**Your task**
Print the lines in the listing below starting at the line with "Russ Halloween Pin" and ending at the line with "Hra na zahradu", both included. Reproduce them exactly and omit every picture.

**Extracted information**
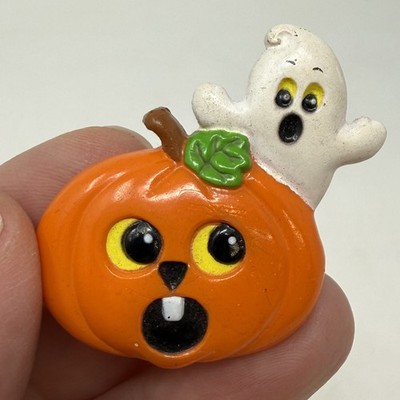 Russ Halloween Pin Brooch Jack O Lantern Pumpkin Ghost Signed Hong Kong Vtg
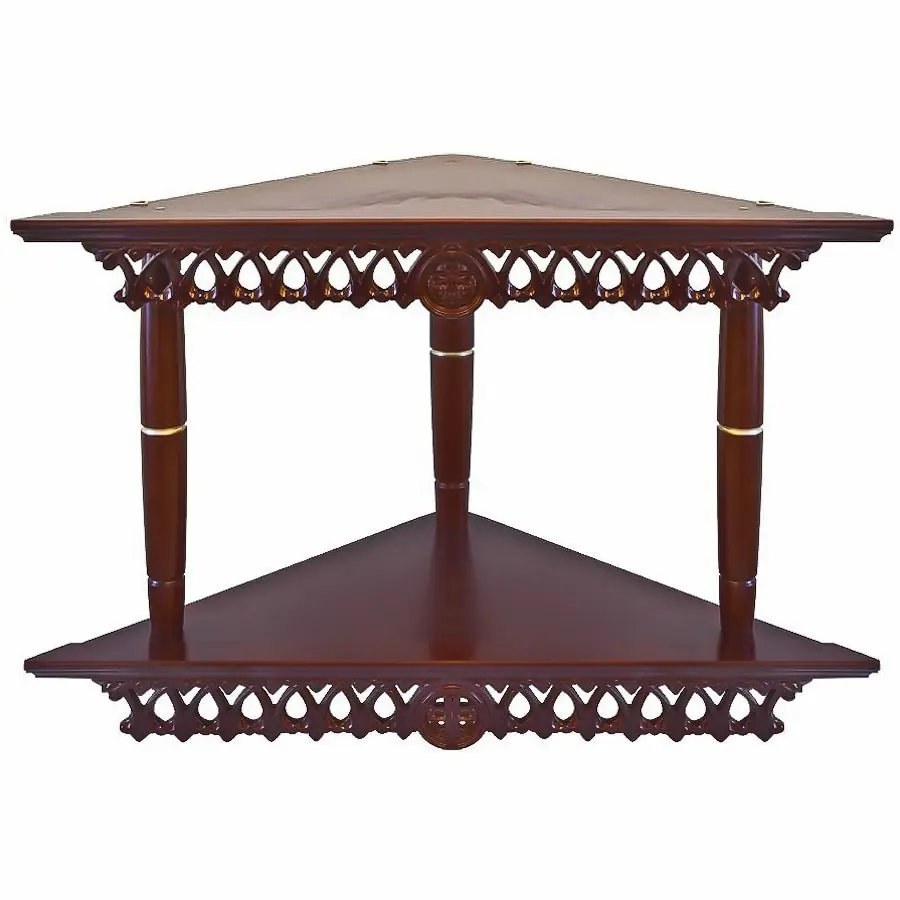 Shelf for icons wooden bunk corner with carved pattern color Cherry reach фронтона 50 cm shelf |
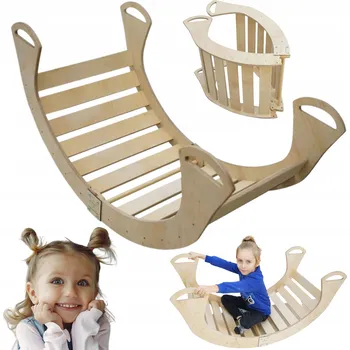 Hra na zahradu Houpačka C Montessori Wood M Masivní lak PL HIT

...

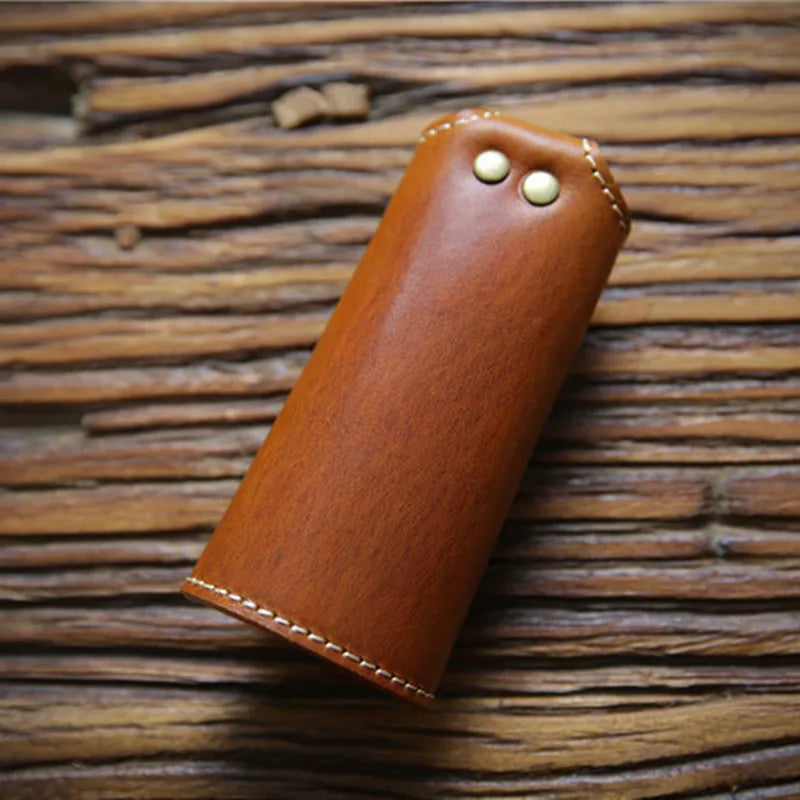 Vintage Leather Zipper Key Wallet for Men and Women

**Your response**
 Russ Halloween Pin Brooch Jack O Lantern Pumpkin Ghost Signed Hong Kong Vtg
 Shelf for icons wooden bunk corner with carved pattern color Cherry reach фронтона 50 cm shelf |
 Hra na zahradu Houpačka C Montessori Wood M Masivní lak PL HIT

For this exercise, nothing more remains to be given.